[ACTION ITEM]: Extract the lines beginning at the one that holds "Kede Green Tweed Barstool - Ornate Home" and ending at the final line of the material below, keeping them exact and leaving out all pictures.
####################
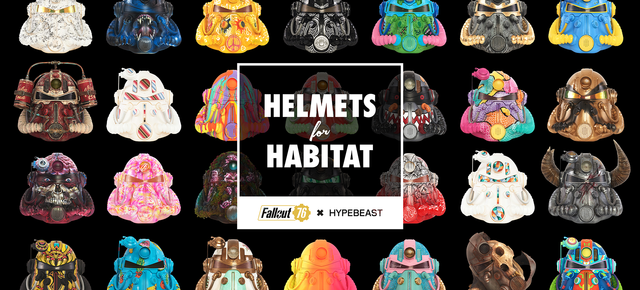 『Fallout 76』40名のアーティスト手がける「パワーアーマー」ヘルメットのチャリティーオークション開始！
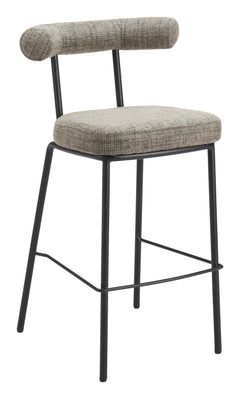 Kede Green Tweed Barstool - Ornate Home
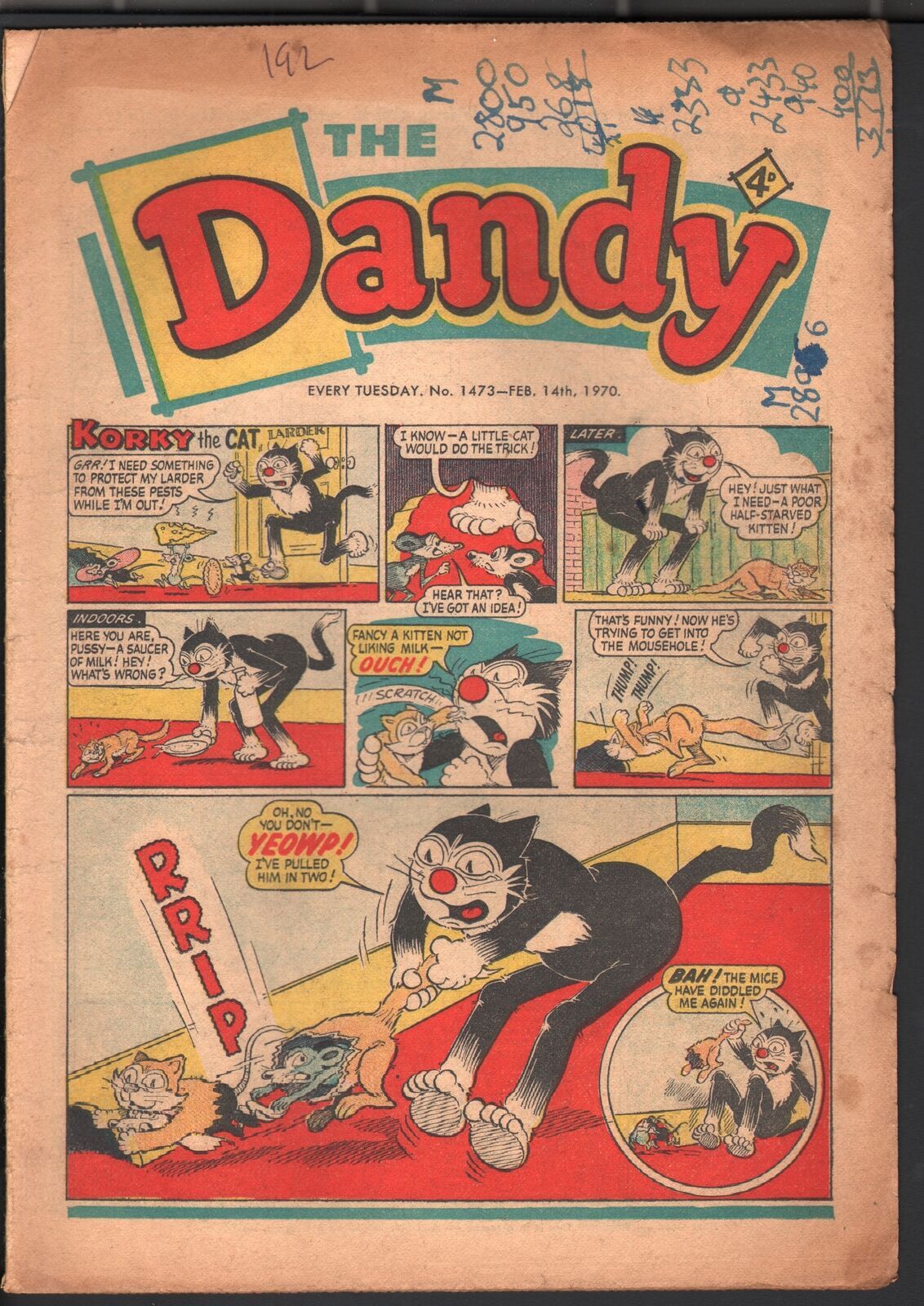 Primary image for Dandy #1473 1970-D C Thompson-underground comix style-newspaper format-G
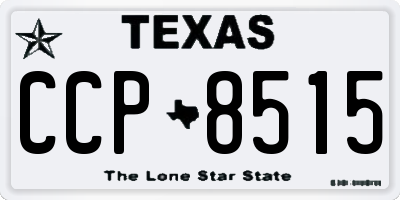 TX license plate CCP8515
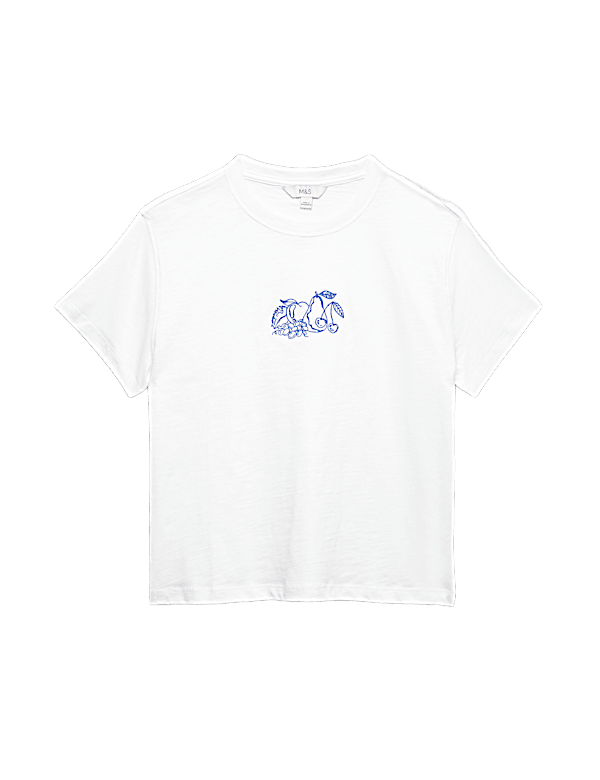 Pure Slub Cotton Checked T-Shirt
####################
[RESPONSE TO THIS EXERCISE]:
 Kede Green Tweed Barstool - Ornate Home
 Primary image for Dandy #1473 1970-D C Thompson-underground comix style-newspaper format-G
 TX license plate CCP8515
 Pure Slub Cotton Checked T-Shirt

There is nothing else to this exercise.